(Data below begins)

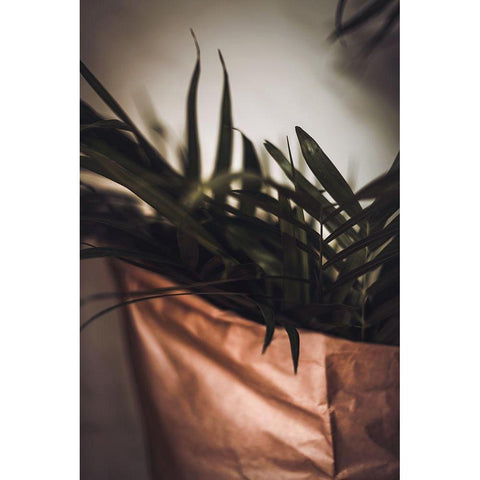 Palms a Craft Paper Black Modern Wood Framed Art Print with Double Matting by Mossholder, Tim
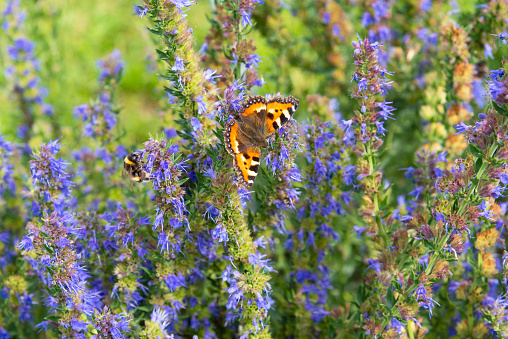 Beautiful natural summer background - Aglais urticae butterfly on a field of blooming hyssop officinalis.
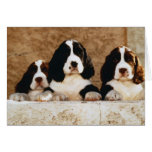 English Springer Spaniel Puppies Greeting Cards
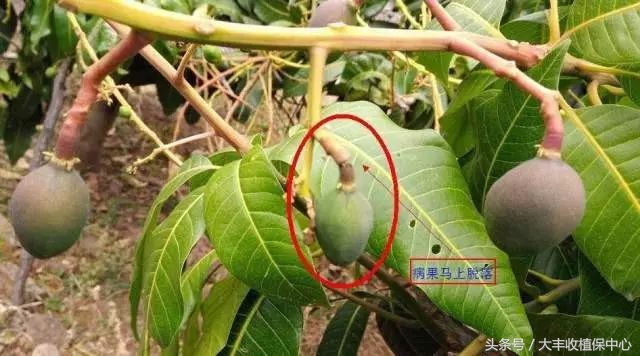 还没熟透的芒果切开后怎么办,芒果切开中间软烂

(Data below ends)

**Problem requirements:**
The whole listing should be restated word for word, with no pictures.

**Finished task:**
 Palms a Craft Paper Black Modern Wood Framed Art Print with Double Matting by Mossholder, Tim
 Beautiful natural summer background - Aglais urticae butterfly on a field of blooming hyssop officinalis.
 English Springer Spaniel Puppies Greeting Cards
 还没熟透的芒果切开后怎么办,芒果切开中间软烂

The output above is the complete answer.